▼
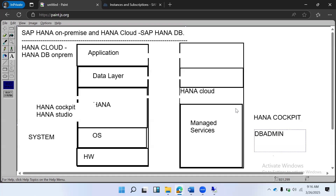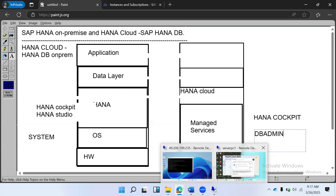Regarding backups: in HANA Cloud, backups are managed by SAP. Daily backups are created while the database is online, and up to 15 backups are stored. The RPO (Recovery Point Objective) is not more than 15 minutes in HANA Cloud. In on-premises HANA, you are responsible for all backup procedures. That is one of the major differences between HANA on-premises and HANA Cloud.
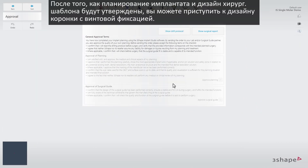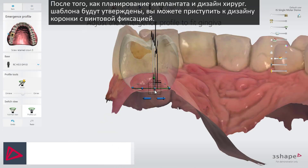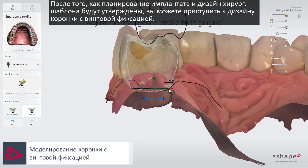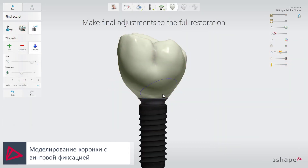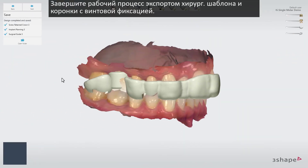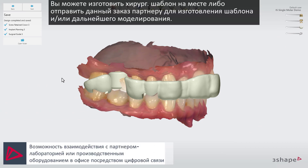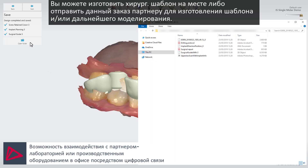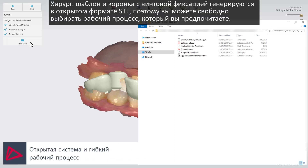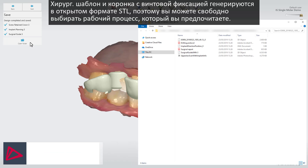Once the implant planning and surgical guide design are approved, you can now design a screw-retained crown. Finish your workflow by exporting the guide and screw-retained crown. You can then either manufacture the guide and restorations in-house, or send the case to your preferred partner for guide manufacturing and/or further design. The guide and the screw-retained crown are generated in an open STL format, so you're free to choose the workflow that you prefer.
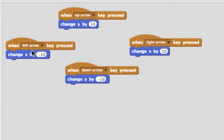And when someone presses the left key, we want to change x by negative ten, because smaller x's and the negative side of the x-axis is on the left.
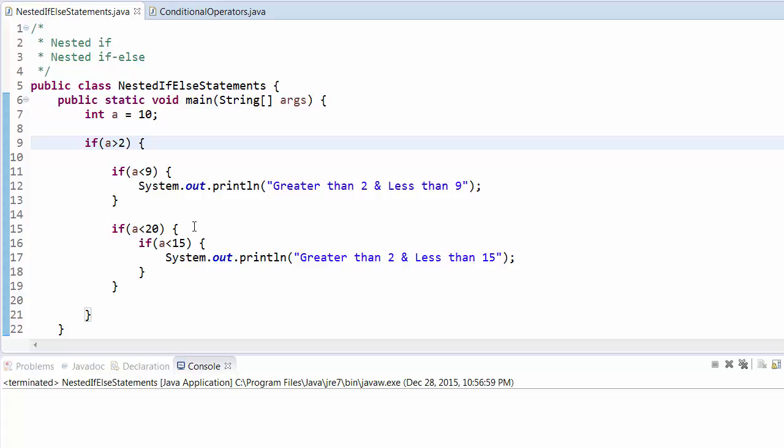Then yes, it will check another if. In nested ifs we can use multiple nested ifs. It's not limited to one statement or one loop. This is how we use nested ifs.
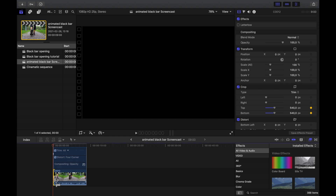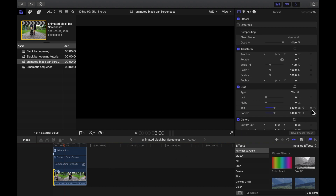Then we head over to about 3 seconds in the clip, depending on the pace you want for your animation. Here we set new keyframes by checking those yellow dots again. And then we type in the crop values for the end positions of the animation.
▲
Your task
Your answer should be an exact copy of the records above, with no pictures in it.

Task answer
Regarding backups: in HANA Cloud, backups are managed by SAP. Daily backups are created while the database is online, and up to 15 backups are stored. The RPO (Recovery Point Objective) is not more than 15 minutes in HANA Cloud. In on-premises HANA, you are responsible for all backup procedures. That is one of the major differences between HANA on-premises and HANA Cloud.
Once the implant planning and surgical guide design are approved, you can now design a screw-retained crown. Finish your workflow by exporting the guide and screw-retained crown. You can then either manufacture the guide and restorations in-house, or send the case to your preferred partner for guide manufacturing and/or further design. The guide and the screw-retained crown are generated in an open STL format, so you're free to choose the workflow that you prefer.
And when someone presses the left key, we want to change x by negative ten, because smaller x's and the negative side of the x-axis is on the left.
Then yes, it will check another if. In nested ifs we can use multiple nested ifs. It's not limited to one statement or one loop. This is how we use nested ifs.
Then we head over to about 3 seconds in the clip, depending on the pace you want for your animation. Here we set new keyframes by checking those yellow dots again. And then we type in the crop values for the end positions of the animation.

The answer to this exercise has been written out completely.